QUANDO LE STELLE IN “COPERTINA” NON BASTANO
DURATA: 105 minuti
VOTO: 2,5 su 5
Quando si va al cinema non sapendo ancora che film guardare né conoscendo granché sulla trama tra quelli proposti in sala, sono spesso le star che giganteggiano sulla locandina a giocare un ruolo rilevante nella scelta finale su quale biglietto acquistare. Nomi altisonanti che però troppo spesso si rivelano essere solo “specchietti per le allodole”, nascondendo la dubbia qualità del prodotto che li vede protagonista.
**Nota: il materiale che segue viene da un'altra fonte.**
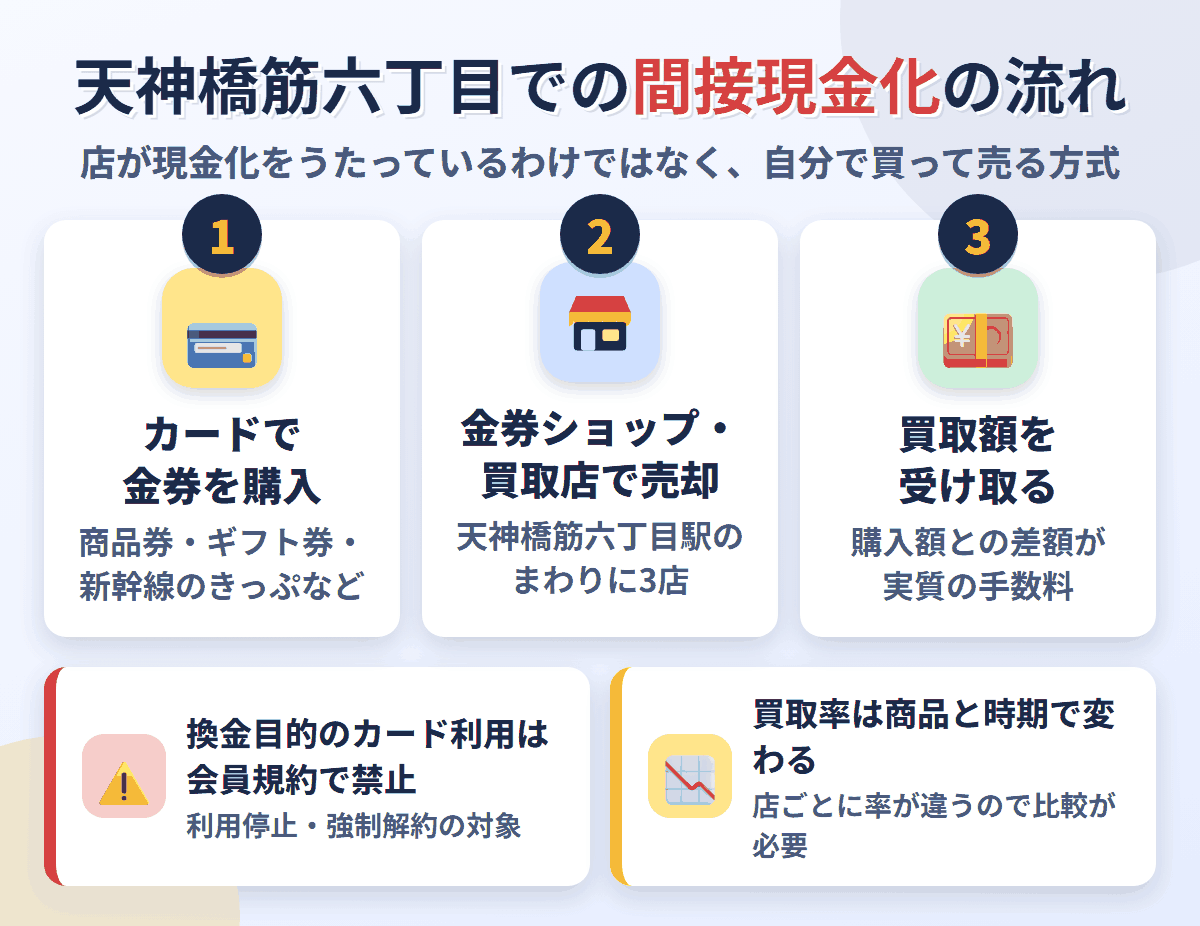 天神橋筋六丁目での間接現金化の流れ。クレジットカードで金券を購入し、天神橋筋六丁目駅のまわりにある3店で売却して買取額を受け取る。換金目的の利用は会員規約で禁止され、買取率は店と商品で変わる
Sembra essere questo il caso di Misconduct (ovvero “cattiva condotta”), esordio alla regia di Shintaro Shimosawa (statunitense, nato a Chicago, malgrado nome e fisionomia possano subito fuorviare), che vede figurare in ruoli principali due iconici premi Oscar del calibro di Al Pacino e Anthony Hopkins.
Ben Cahill è un ambizioso avvocato, che si ritrova coinvolto in una lotta di potere tra un corrotto dirigente farmaceutico, Arthur Denning, e il socio del suo stesso studio, Charles Abrams. Il caso prende una svolta mortale e cospiratoria e Ben è costretto a correre contro il tempo, per scoprire la verità ed evitare di perdere tutto quello che finora ha conquistato nella sua carriera.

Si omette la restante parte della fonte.